The count of daily new COVID-19 cases in the U.S. has begun to rise. This rise in new cases is an expected consequence of the spread of the new Delta COVID-19 variant (Post #1162, 6/23/2021). It might also be helped along a bit by the return to living in indoor air-conditioned spaces in the southern U.S.
Here’s the regional/national graph, in logs (and so, the slope of the line reflects the rate of growth). I’ve put Florida back into the analysis because they appear to be reporting data five days a week, which is adequate for this purpose.
Source for this and other graphs of new case counts: Calculated from The New York Times. (2021). Coronavirus (Covid-19) Data in the United States. Retrieved 6/28/2021, from https://github.com/nytimes/covid-19-data.” The NY Times U.S. tracking page may be found at https://www.nytimes.com/interactive/2020/us/coronavirus-us-cases.html.
As you can see, the upward movement is fairly broad-based. The only region where cases declined in the past week was the Northeast.
Here’s the bigger picture, showing the five U.S. waves of COVID-19.
The initial wave of COVID-19 was largely confined to the New York City region and parts of the West Coast.
After that, starting at the end of June 2020, we had a summertime wave in hot-climate states, attributed to time spent in indoor air-conditioned spaces. We may yet have a repeat of that, but it will be commingled with the impact of the Delta variant.
The third wave was the wintertime wave, with the high peak attributed to the natural seasonality of coronavirus. As with (e.g.) flu, this virus appears to spread best in the winter months.
The fourth wave was due to the spread of the U.K. (now Alpha) variant. Alpha was more infectious than the variants it replaced. This wave was suppressed by a surge in vaccinations, with daily vaccination rates peaking in mid-April. There, the numbers suggested that the rate of vaccination (plus existing post-infection) immunity should have been enough to suppress the surge due to the Alpha variant.
And now we’re in a fifth wave, due to an even-more-infectious Delta variant. This time, however, new vaccinations have slowed, the vaccine is less effective against this variant. The upshot is that we should not expect this wave to be terminated by the ongoing vaccinations. This one is likely to stop when enough of the remaining un-vaccinated individuals have acquired immunity via infection.
It has reached the point where the CDC estimates of the Delta variant, by region and state, are now positively correlated with growth in new cases.
For the 10 HHS regions, it looks like this.
And by state, it looks like this.

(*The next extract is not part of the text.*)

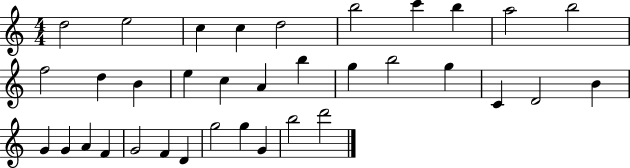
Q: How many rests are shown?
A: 0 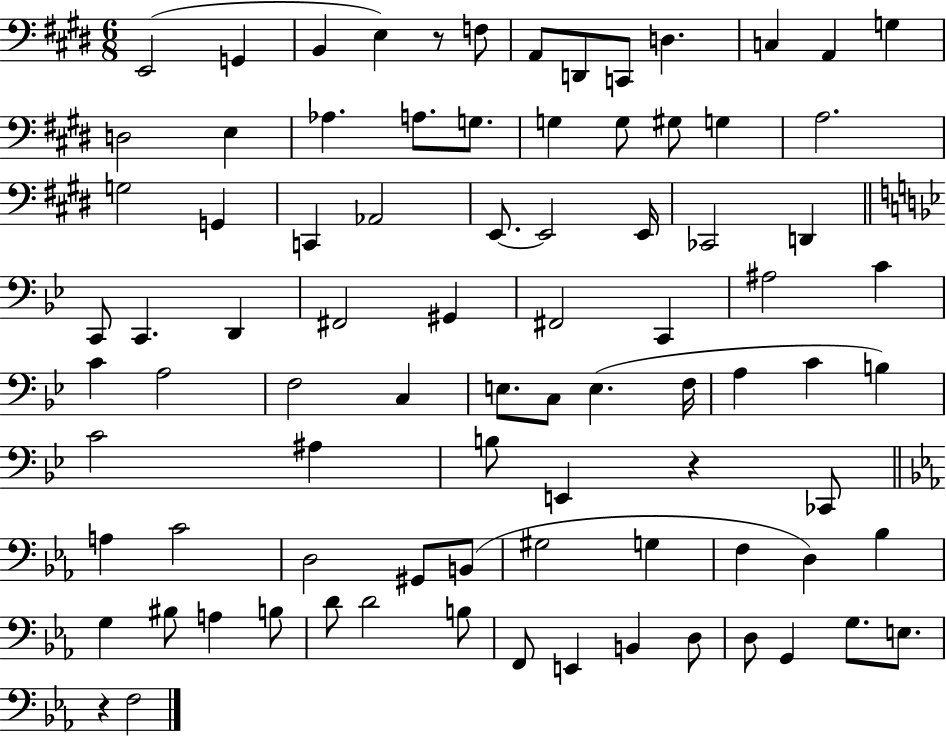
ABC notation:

The state analysis is incomplete (CDC doesn’t have data for every state), and the data for that are quite old.
Based on the slopes of the linear trend lines, the state data appear to show a vastly higher impact of Delta on case growth, compared to the regional data. That’s an artifact. The state-level estimates of Delta as a percent of cases are roughly six weeks old. That’s about three doubling times, or a factor of eight or so. Because the Delta-as-percent-of-cases is about 8 times too low, the trend line compensates for that by giving the line a slope that is roughly eight times higher. So, in fact, despite the vastly different numbers, the slopes of the lines agree fairly well. The difference in the numbers is due to the different ages of the data.
The bottom line of all of this is that we shouldn’t expect this most recent little uptick to be some short-lived fluke. To the contrary, we should expect the Delta variant to run through the remaining un-vaccinated (or otherwise non-immune) population until something in excess of 90% of the population has immunity to it. Given the current slow rate of vaccination (well under one million per day now), that’s probably going to occur through lots of infections within the un-vaccinated population.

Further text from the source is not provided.